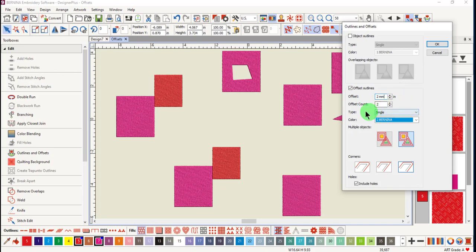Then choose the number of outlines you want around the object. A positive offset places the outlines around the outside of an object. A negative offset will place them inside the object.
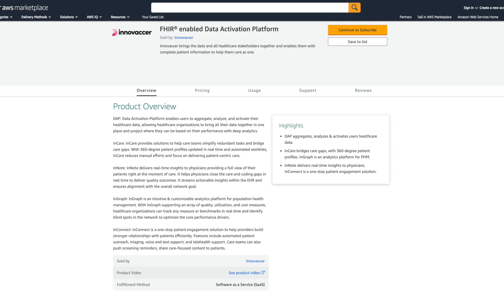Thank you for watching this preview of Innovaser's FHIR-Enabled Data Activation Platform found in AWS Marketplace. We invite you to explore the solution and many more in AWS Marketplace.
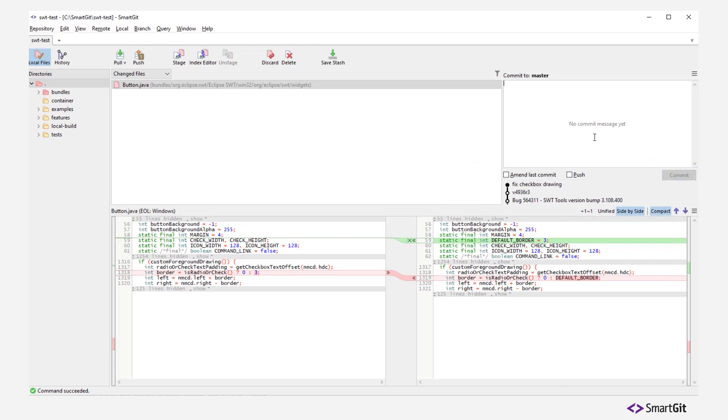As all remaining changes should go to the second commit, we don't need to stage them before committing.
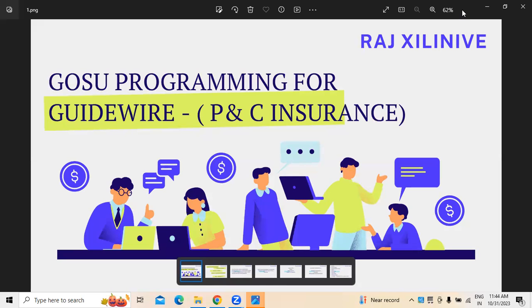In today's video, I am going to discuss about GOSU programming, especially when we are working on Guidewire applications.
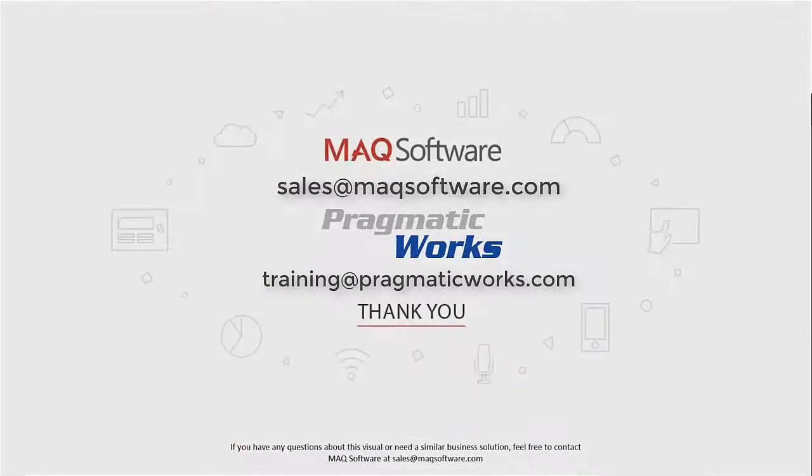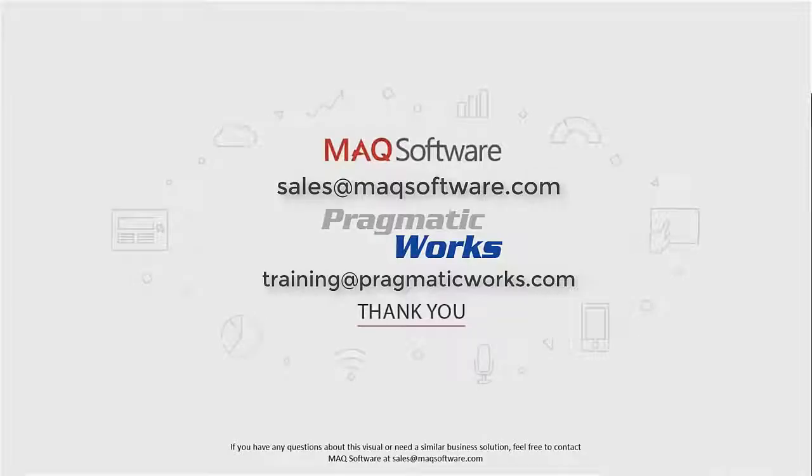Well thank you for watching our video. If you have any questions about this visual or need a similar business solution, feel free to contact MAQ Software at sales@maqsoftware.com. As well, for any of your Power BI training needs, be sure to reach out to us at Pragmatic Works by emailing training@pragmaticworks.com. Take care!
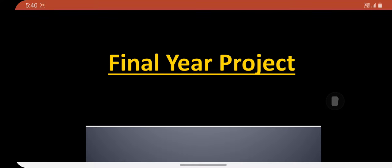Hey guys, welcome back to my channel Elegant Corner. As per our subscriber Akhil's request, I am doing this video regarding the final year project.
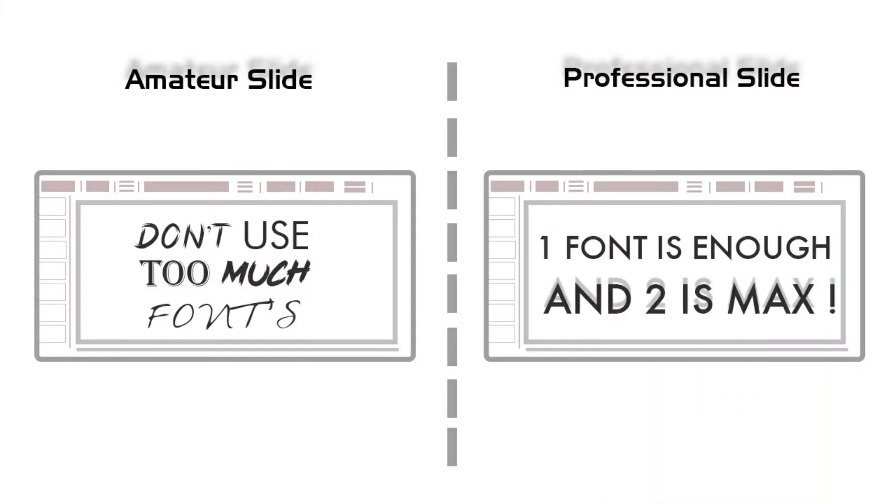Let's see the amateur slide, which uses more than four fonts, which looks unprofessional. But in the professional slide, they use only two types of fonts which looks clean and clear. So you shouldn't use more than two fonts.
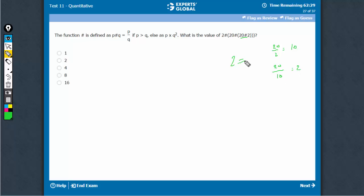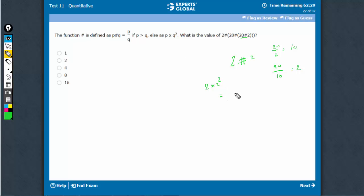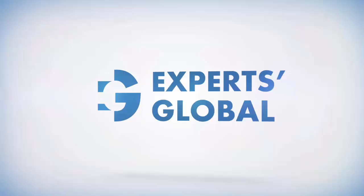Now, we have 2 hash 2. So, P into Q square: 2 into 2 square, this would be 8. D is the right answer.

* * *

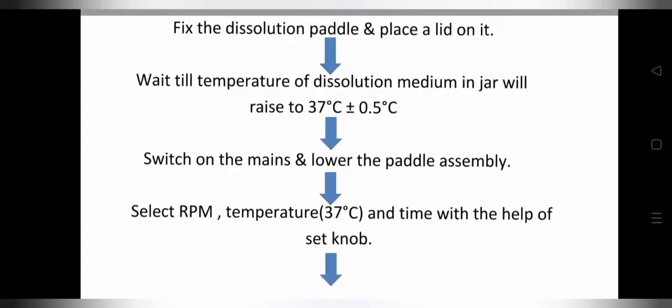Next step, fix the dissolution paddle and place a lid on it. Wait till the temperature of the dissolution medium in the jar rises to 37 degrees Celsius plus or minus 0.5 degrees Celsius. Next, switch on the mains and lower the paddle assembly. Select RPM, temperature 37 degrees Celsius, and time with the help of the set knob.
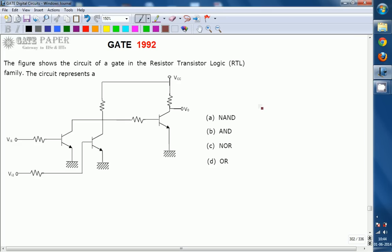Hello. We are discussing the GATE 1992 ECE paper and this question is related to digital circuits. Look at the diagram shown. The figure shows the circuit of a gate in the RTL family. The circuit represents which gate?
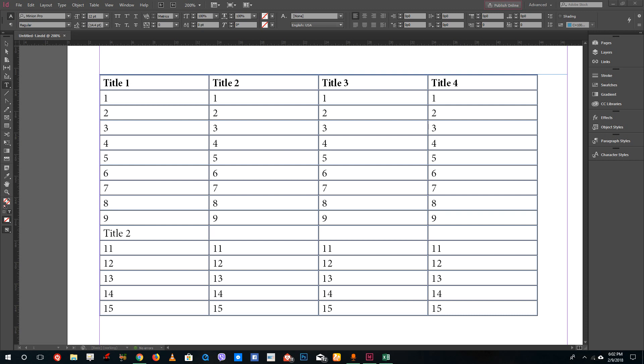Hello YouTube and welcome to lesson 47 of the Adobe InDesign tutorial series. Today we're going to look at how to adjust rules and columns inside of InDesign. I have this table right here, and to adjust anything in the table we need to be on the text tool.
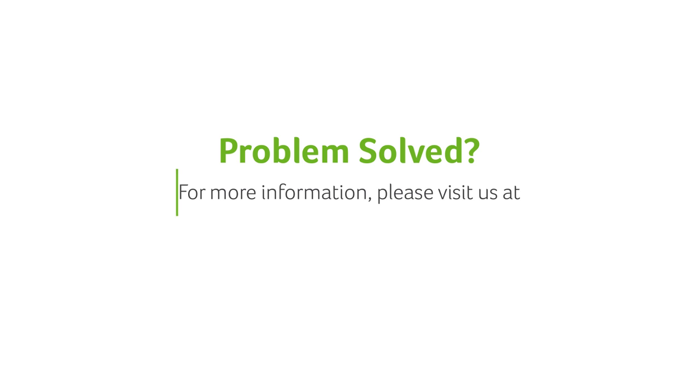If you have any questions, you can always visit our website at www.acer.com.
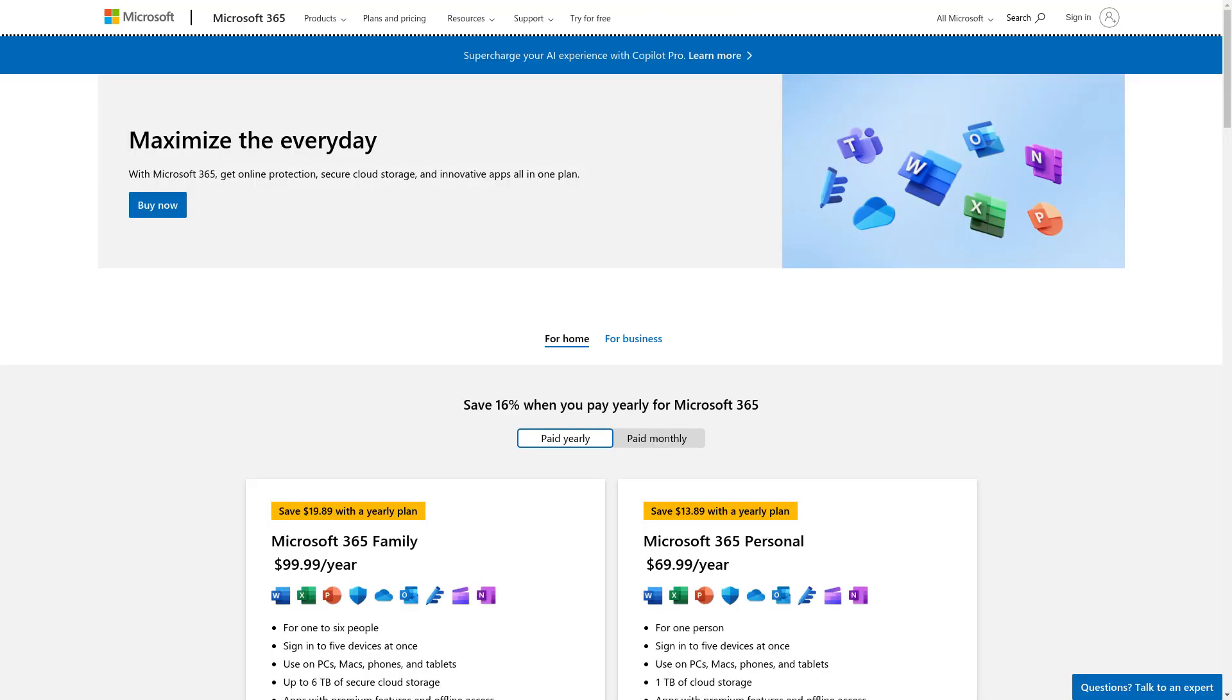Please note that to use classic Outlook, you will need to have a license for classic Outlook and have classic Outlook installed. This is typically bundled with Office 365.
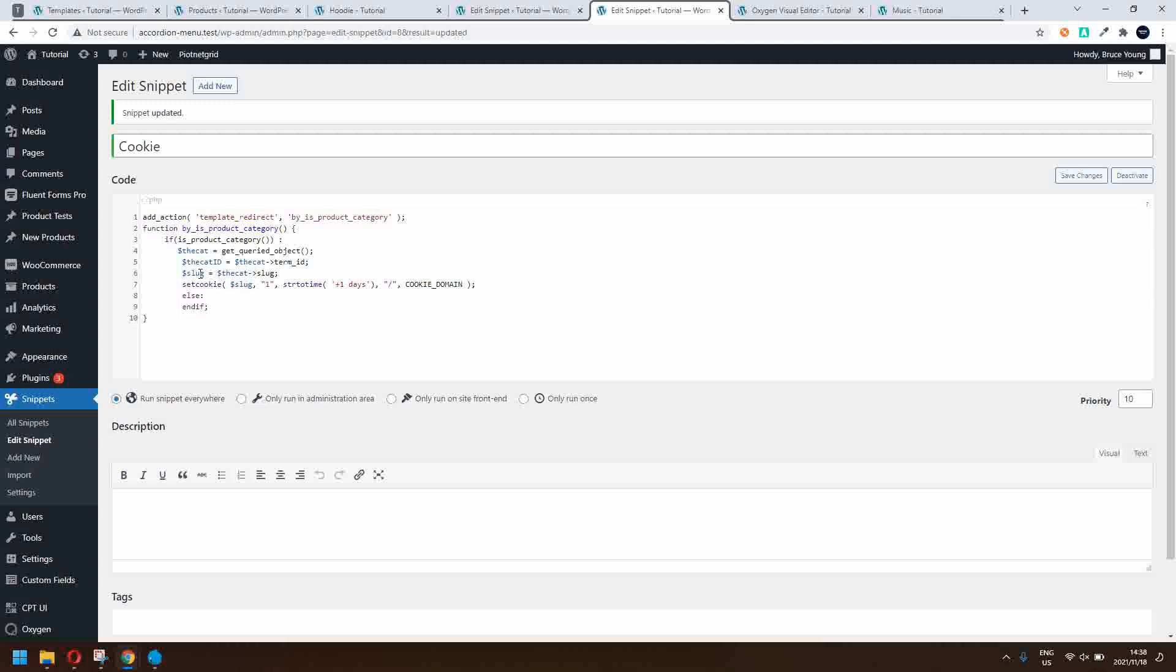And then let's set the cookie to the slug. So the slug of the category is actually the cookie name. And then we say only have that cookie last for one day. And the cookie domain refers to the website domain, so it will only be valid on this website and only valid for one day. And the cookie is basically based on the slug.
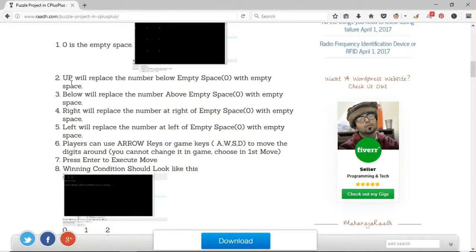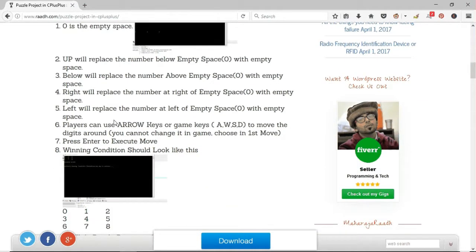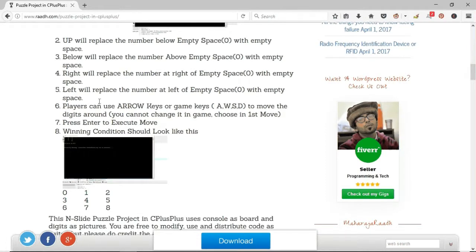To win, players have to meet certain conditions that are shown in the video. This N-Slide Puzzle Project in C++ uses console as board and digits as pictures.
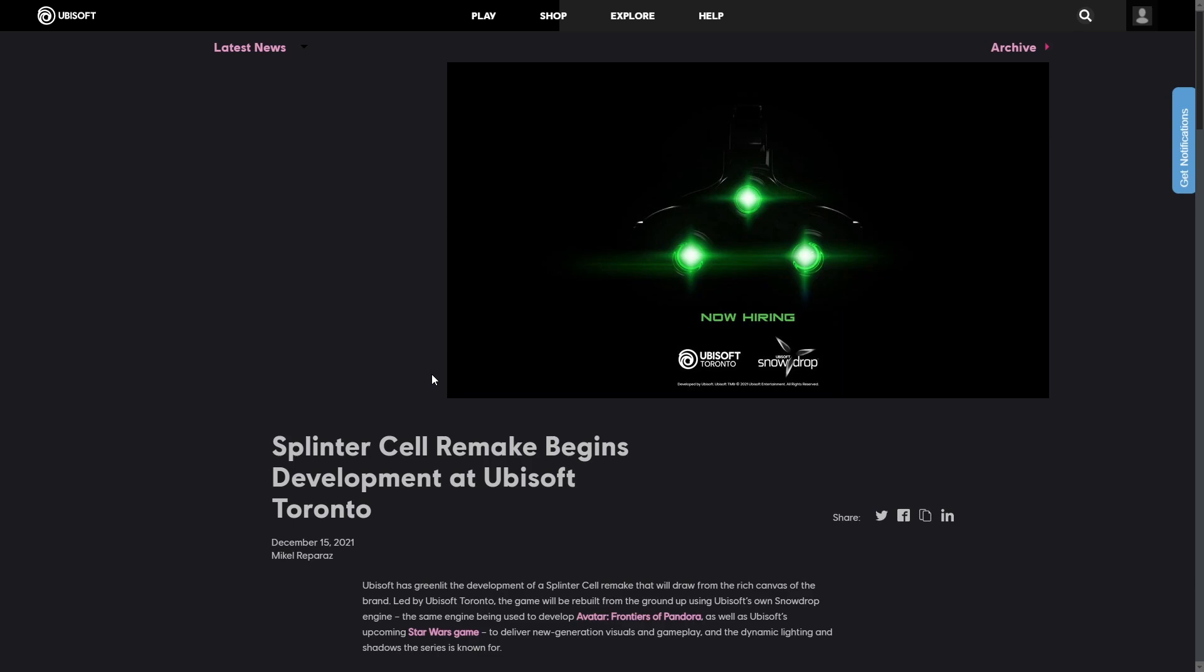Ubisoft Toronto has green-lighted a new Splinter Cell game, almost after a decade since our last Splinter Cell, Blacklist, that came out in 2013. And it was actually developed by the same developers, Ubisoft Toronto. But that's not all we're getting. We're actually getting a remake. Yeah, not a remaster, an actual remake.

* EXERCISE DESCRIPTION
Range to copy from the records above: the line containing "Next step, fix" to the line containing "Hello. We are", both included. Output those lines exactly and only those, skipping pictures.

* ANSWER TO THE EXERCISE
Next step, fix the dissolution paddle and place a lid on it. Wait till the temperature of the dissolution medium in the jar rises to 37 degrees Celsius plus or minus 0.5 degrees Celsius. Next, switch on the mains and lower the paddle assembly. Select RPM, temperature 37 degrees Celsius, and time with the help of the set knob.
Hello. We are discussing the GATE 1992 ECE paper and this question is related to digital circuits. Look at the diagram shown. The figure shows the circuit of a gate in the RTL family. The circuit represents which gate?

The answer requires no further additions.